I thought about making import just use the __index metamethod but was left feeling fuzzy on what to do in the event of an error. If it really acts just like a table, then it should just return nil if the value isn't present.

Yes, that is a good argument. Of course, later attempts to use the
result as a table would generate a run-time error, but it would be
nicer to be more precise. I was actually assuming that it was ok
to throw an exception from a table lookup; an alternative would be
to return nil and ask careful programmers to type:

local Observations = assert(import.Observations)

which would also allow the programmer to try something else, or probe for optional plugins. (True for the function version, as well, of course.)

If you are expecting bundle names to be hierarchical, then the function is probably better, but they could certain both exist simultaneously.

the complexity in mine may be from the fact that I take explicit steps to detect and disallow cyclic import.

There was quite a discussion about cyclic import at some point. How does one handle mutually dependent packages? It is not always easy to eliminate this. Indeed, to my mind this is the semantic difference between "require" and "import": require defines a dependency (this package won't work without the other one) while import defines a need:(I'm about to use this package, I need it now.) Of course, that is just me, and the particular words are not important, but there do seem to be two use cases.

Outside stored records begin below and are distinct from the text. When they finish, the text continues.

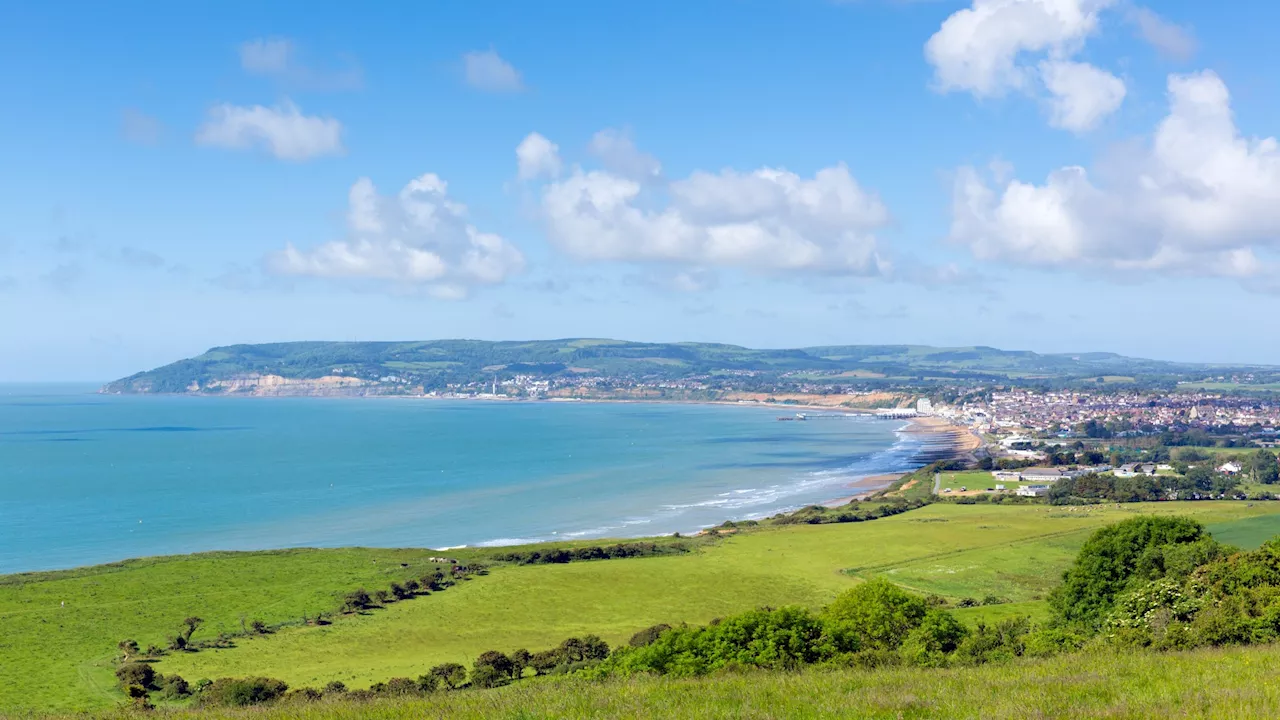 UK’s sunniest destination is a tiny town with sandy beach and 200-year-old attraction...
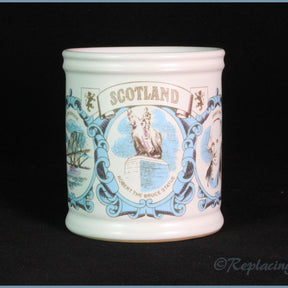 Denby - Regions & Counties - Scotland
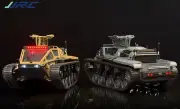 JJRC C8812 2.4G Full Scale 360 Degree Rotation Off-Road RC Tank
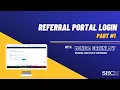 Referral Portal Login Part - Careport Navihealth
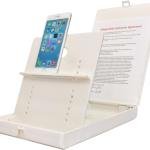 – Document and Photo Scanning Stand – Phones & Tablets. justable, Precise Image Alignment. iPhone Scanner Stand. Accurate Text Recognition (OCR)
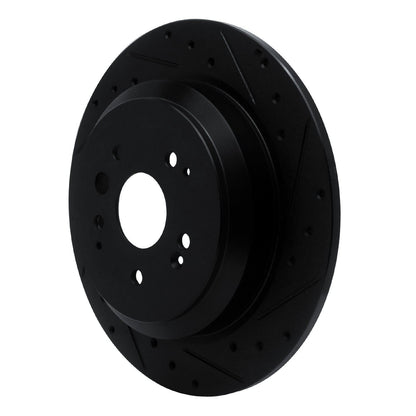 Dynamic Friction Company Disc Brake Rotor 633-58028R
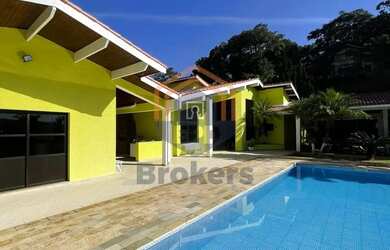 Imagem: Casa em Condominio em Alpes dos Araçás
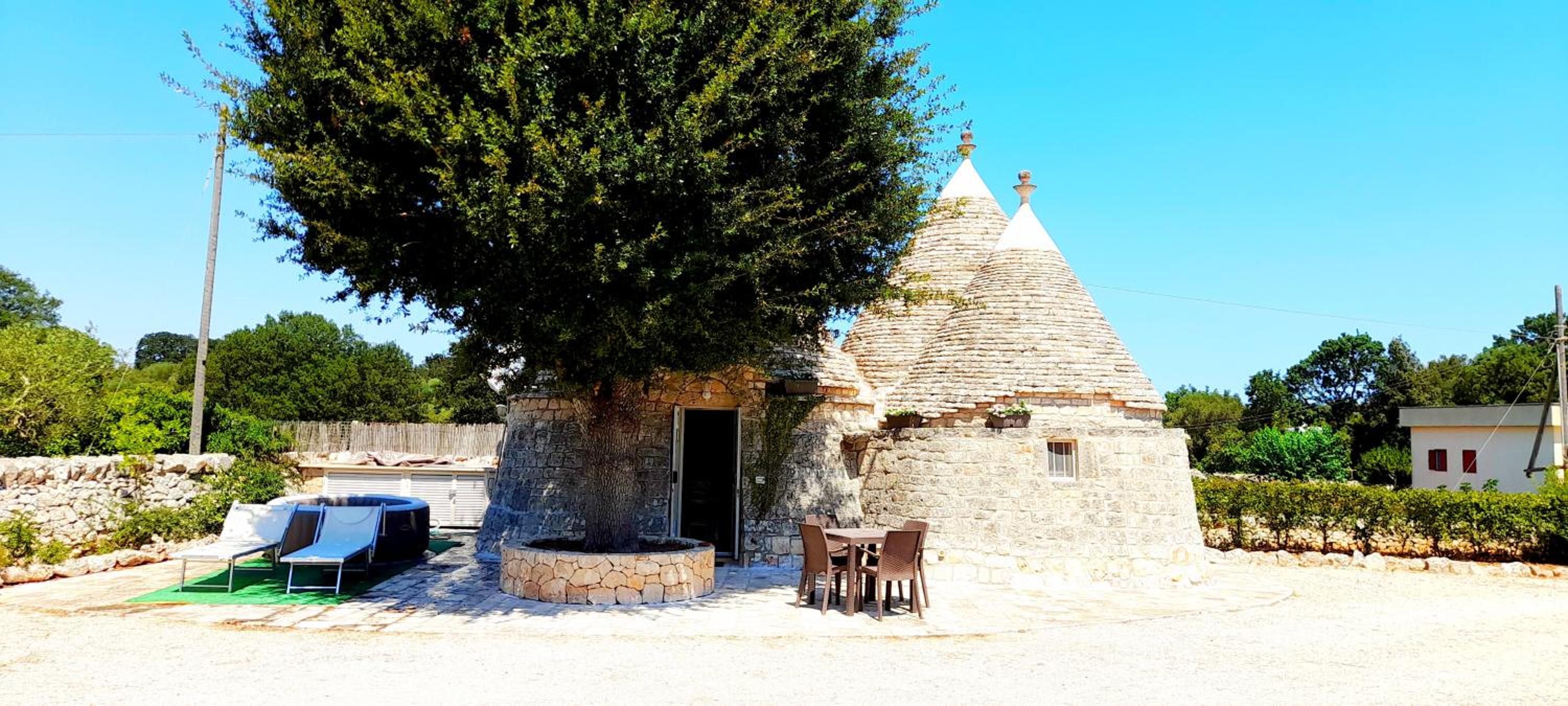 Trullo Roverella
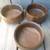 John McLeod Wooden Salad Bowls (5) $40 each 5 thumbnail
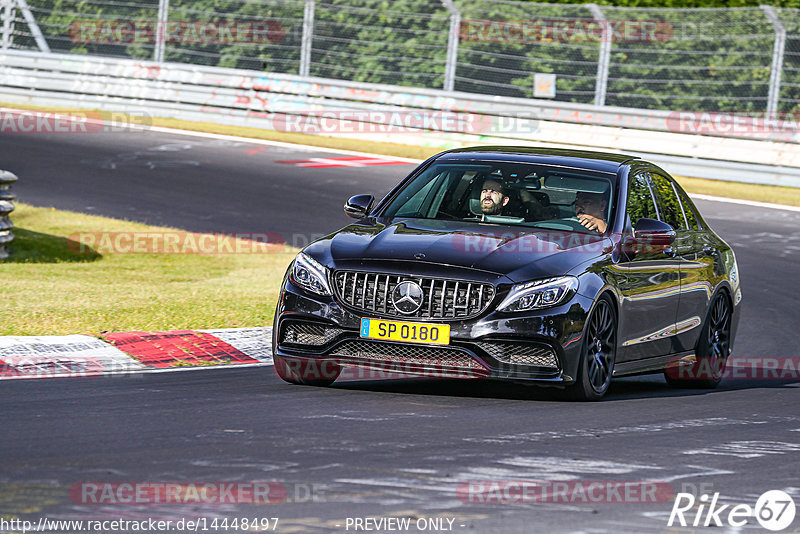 Bild #14448497 - Touristenfahrten Nürburgring Nordschleife (07.09.2021)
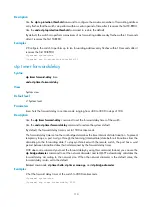 Preview for 121 page of H3C S5120-SI Series Command Reference Manual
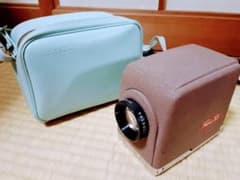 Minolta Mini 35 昭和50年代 映写機 ケース付のサムネイル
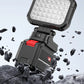 🌞Profitez du printemps avec 50 % de réduction !💡Lampe de travail LED orientable à 180° - Avec double fonction de batterie externe USB - Robuste et sans fil - Compatible avec toutes les batteries - Pour le garage, le chantier et le camping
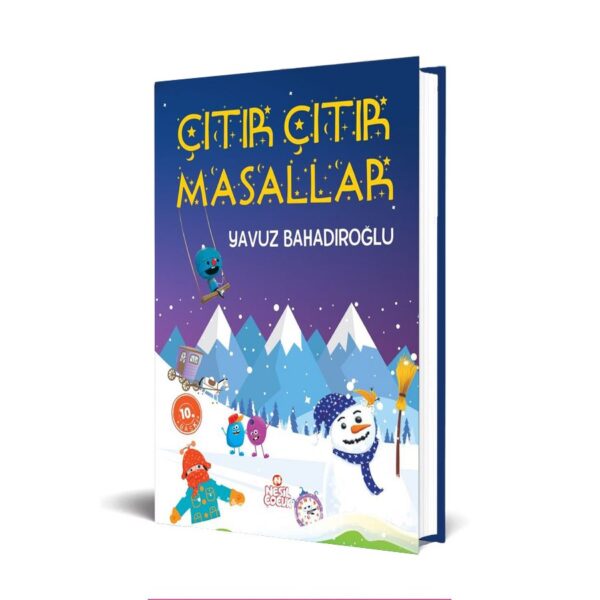 Masal Kitabı - Çıtır Çıtır Masallar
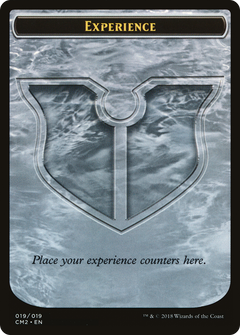 Experience [Commander Anthology Volume II Tokens]-1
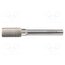 0777303104100 Rotary burr; Ø: 4mm; L: 40mm; Working part len: 10mm; 3mm; metal; 3 fXCfRYVPK3SeFChxKZvXedzp7HzAPmuMp5cNE6rayio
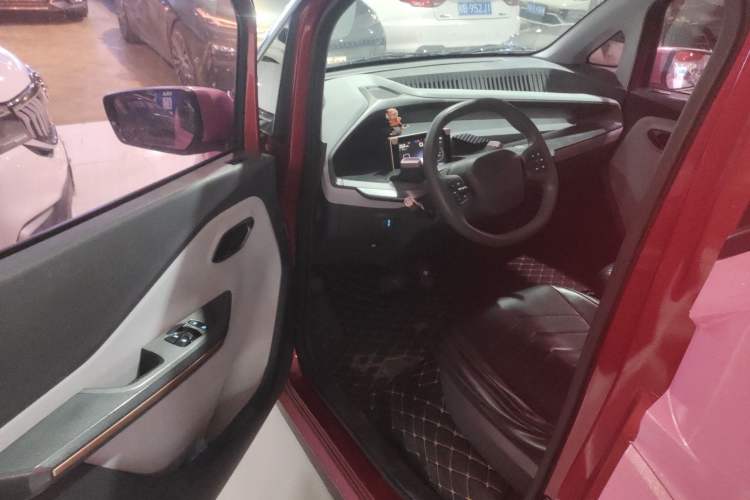 Used Baojun E200 2018 Intelligent Driving Edition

I've been thinking of extending my import function to allow specifying a series of names to extract from the exported value:

Perhaps this little function is actually useful:

function ensure(tab, ...)
  for i = 1, args.n do
    if tab[args[i]] then args[i] = tab[args[i]]
                    else error("Table is missing key '"
                               .. tostring(args[i])
                               .."'")
    end
  end
  return unpack(args)
end

local addObserver, removeObserver, notifyObservers =
        ensure(import "com.baymoon.Observations",
               "add", "remove", "notify" )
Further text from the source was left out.